Save the people, save the forest. In rural Indonesia, a pioneering clinic is showing how the health of people and forests could and should be intertwined
The roosters were still asleep when Sri Wayunisih woke her daughter, Puteri. They could not afford to sleep till dawn. Wayunisih had taken a day off from working on the oil palm estates and Puteri had skipped school for this trip. They had to reach their destination before everyone else.

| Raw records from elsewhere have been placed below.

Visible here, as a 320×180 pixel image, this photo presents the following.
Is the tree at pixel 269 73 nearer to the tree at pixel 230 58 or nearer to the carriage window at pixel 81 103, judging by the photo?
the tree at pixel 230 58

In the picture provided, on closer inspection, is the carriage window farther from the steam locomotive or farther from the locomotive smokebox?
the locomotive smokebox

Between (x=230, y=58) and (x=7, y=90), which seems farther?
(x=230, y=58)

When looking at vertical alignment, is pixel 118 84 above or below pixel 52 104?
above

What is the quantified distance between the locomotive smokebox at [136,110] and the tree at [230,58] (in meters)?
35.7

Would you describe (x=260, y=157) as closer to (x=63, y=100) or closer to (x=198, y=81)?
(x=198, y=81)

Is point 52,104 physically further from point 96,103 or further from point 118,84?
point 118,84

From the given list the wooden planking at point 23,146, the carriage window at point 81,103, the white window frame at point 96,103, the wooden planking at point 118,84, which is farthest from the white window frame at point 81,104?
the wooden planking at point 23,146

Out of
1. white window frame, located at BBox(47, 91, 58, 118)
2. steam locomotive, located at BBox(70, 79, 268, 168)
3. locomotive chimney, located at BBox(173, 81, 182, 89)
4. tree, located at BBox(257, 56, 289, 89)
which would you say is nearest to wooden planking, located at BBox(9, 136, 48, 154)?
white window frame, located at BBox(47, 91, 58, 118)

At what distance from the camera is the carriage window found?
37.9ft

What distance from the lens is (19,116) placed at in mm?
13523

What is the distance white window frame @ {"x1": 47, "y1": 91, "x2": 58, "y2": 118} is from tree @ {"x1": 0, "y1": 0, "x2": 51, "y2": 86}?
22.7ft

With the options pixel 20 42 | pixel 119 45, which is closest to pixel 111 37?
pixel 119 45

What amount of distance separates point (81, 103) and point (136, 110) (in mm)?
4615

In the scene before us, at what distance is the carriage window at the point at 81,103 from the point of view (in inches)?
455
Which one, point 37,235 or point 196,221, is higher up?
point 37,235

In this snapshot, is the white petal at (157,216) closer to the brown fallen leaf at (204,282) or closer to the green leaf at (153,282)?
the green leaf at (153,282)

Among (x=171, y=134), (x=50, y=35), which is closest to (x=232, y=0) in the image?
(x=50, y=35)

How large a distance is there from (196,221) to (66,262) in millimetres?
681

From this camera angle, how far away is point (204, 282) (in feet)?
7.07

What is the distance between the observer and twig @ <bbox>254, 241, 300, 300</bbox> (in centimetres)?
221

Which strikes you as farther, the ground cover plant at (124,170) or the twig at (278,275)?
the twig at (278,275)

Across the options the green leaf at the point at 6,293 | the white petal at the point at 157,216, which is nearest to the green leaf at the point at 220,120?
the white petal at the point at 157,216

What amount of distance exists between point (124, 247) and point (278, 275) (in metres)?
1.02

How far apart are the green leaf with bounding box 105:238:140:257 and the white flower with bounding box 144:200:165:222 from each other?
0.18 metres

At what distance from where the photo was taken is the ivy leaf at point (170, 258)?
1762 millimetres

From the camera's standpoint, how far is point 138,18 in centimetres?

Wayunisih pushed her motorcycle onto the road and her daughter climbed on behind her. The Mickey Mouse keychains on Puteri’s school bag clinked crisply. The two of them were heading towards Sukadana, a coastal district in south-west Borneo and the capital city of North Kayong, home to the only clinic in the area, some 80km away. Soon, the roosters were crowing, their calls joining the dawn prayers playing from the many suraus [Islamic assembly buildings] along the road, their walls lit only by the waning moon.

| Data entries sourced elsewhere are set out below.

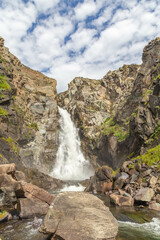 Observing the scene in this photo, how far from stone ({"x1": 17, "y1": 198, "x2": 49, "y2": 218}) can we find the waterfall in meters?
38.4

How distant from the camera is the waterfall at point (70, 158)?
177 feet

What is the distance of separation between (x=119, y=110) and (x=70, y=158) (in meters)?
24.1

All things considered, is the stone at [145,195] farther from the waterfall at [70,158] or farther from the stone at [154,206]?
the waterfall at [70,158]

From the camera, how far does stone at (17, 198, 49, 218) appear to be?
1220cm

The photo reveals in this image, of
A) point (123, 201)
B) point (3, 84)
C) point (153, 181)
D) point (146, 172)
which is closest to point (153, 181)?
point (153, 181)

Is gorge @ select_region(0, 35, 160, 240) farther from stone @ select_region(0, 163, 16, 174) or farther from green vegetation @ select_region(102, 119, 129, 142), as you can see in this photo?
green vegetation @ select_region(102, 119, 129, 142)

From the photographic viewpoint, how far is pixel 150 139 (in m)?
27.7

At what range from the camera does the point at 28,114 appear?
57812mm

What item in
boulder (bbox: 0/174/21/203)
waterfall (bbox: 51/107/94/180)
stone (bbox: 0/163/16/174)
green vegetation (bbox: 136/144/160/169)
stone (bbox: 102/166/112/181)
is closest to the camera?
boulder (bbox: 0/174/21/203)

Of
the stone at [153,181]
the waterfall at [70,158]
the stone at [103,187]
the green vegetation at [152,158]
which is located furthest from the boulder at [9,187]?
the waterfall at [70,158]

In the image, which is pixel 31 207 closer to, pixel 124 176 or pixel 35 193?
pixel 35 193

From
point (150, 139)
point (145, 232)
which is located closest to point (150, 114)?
point (150, 139)

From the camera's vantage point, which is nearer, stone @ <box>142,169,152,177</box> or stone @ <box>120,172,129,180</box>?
stone @ <box>142,169,152,177</box>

An hour and a few wrong turns later, Wayunisih and Puteri reached the clinic. The one-storey rectangular complex shone like a beacon in the dark with its white-washed walls and zinc-plated roof. Wayunisih and Puteri removed their shoes and walked up the wide stairs to the rows of green plastic chairs on its verandah. It was just past 5am. In a few hours, patients would start to queue at the clinic, and Wayunisih and Puteri would be first in line.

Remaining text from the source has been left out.